§ **Aim of the task**
Transcribe all of the data exactly. Omit the pictures.

§ **Data shown**
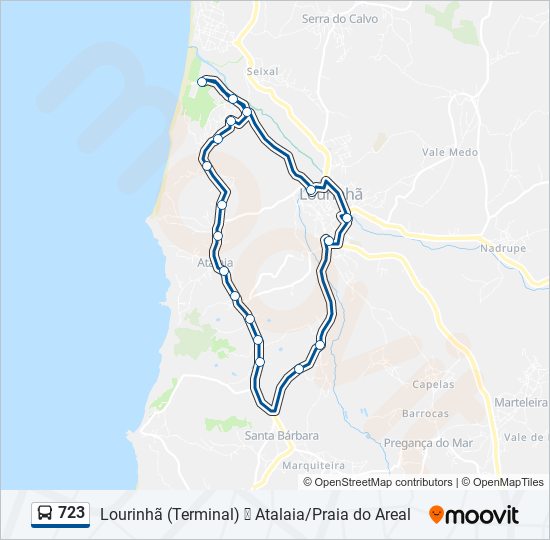 723 bus Line Map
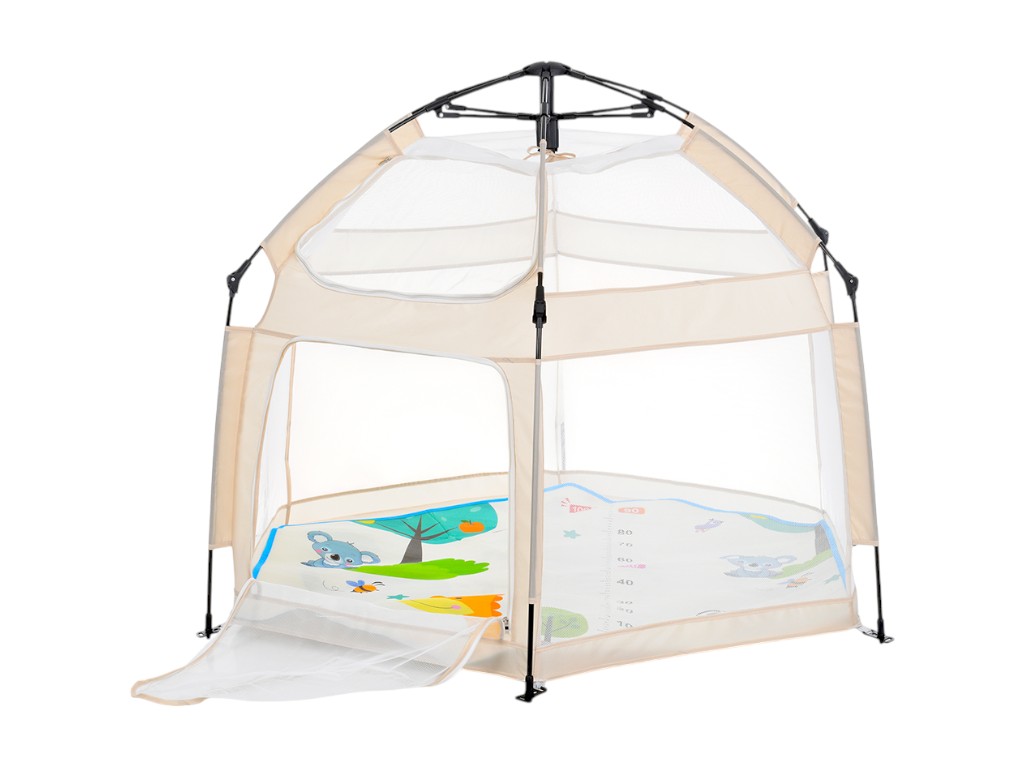 Палатка автоматическая MR 1512 Ivory Beige 146×127×110 см, вход на молнии, BabyToys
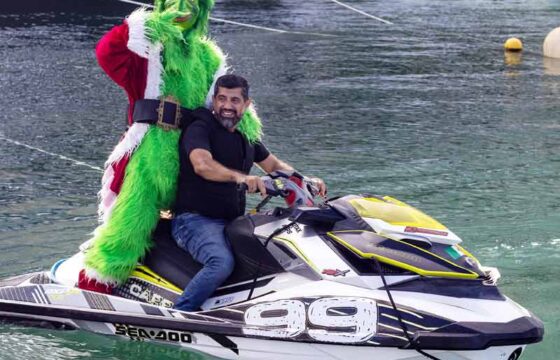 You never know who will show up on a Sea Doo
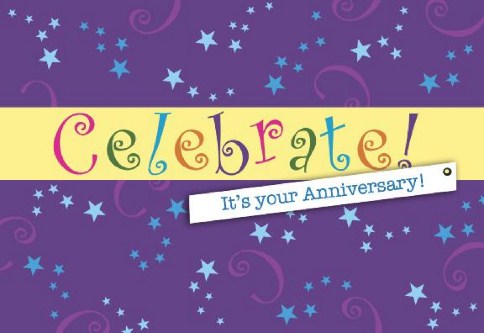 Star Swirl Anniversary Cards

§ **Result**
 723 bus Line Map
 Палатка автоматическая MR 1512 Ivory Beige 146×127×110 см, вход на молнии, BabyToys
 You never know who will show up on a Sea Doo
 Star Swirl Anniversary Cards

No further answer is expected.